Setelah menelusuri sejumlah dokumen dari Ditjen AHU Kemenkumham RI dan akta perusahaan yang tercantum di dokumen AMDAL, ada 12 izin usaha pertambangan yang beroperasi di perairan Takalar. Dua di antaranya adalah PT Banteng laut Indonesia dan PT Nugraha Indonesia Timur.

Dua perusahaan ini tercatat dimiliki oleh orang-orang dekat mantan gubernur Sulsel, Nurdin Abdullah.

Tidak hanya aktivitas tambang pasir laut, Koalisi Save Spermonde juga telah menemukan sejumlah korporasi besar dan nama-nama yang diduga kuat memiliki hubungan dekat dengan para pengambil kebijakan di balik pembangunan reklamasi dan jalan tol MNP.

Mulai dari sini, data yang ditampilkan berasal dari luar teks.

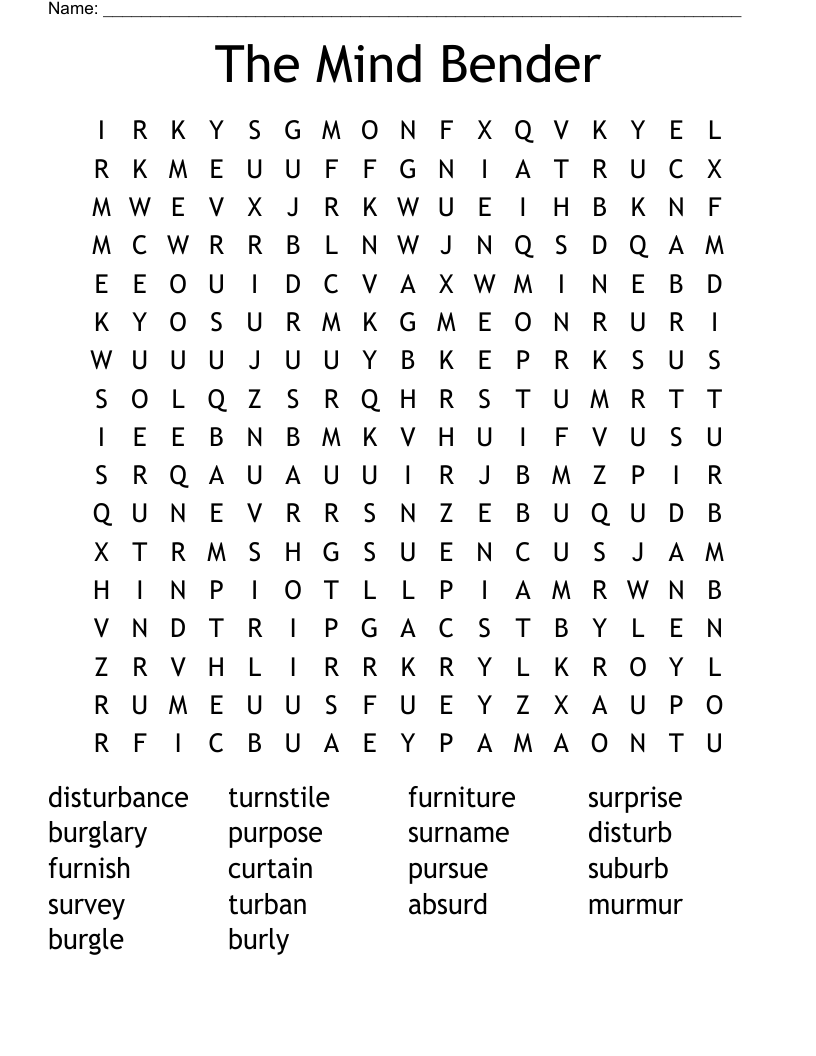 The Mind Bender Word Search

Kepala Departemen Advokasi dan Kajian WALHI Sulsel Slamet Riadi mengungkapkan bahwa awal mula merosotnya penghidupan nelayan-perempuan pesisir dan pulau-pulau kecil saat adanya aktivitas tambang pasir laut dan reklamasi CPI pada tahun
2017.

"Praktik tambang laut dan reklamasi MNP semakin mengancam penghidupan masyarakat dan ekosistem pesisir pulau-pulau kecil Sulawesi Selatan. Bahkan hal tersebut dilegalisasi melalui produk perundang-undangan yang tentu saja menguntungkan para oligarki," ujar Slamet Riadi.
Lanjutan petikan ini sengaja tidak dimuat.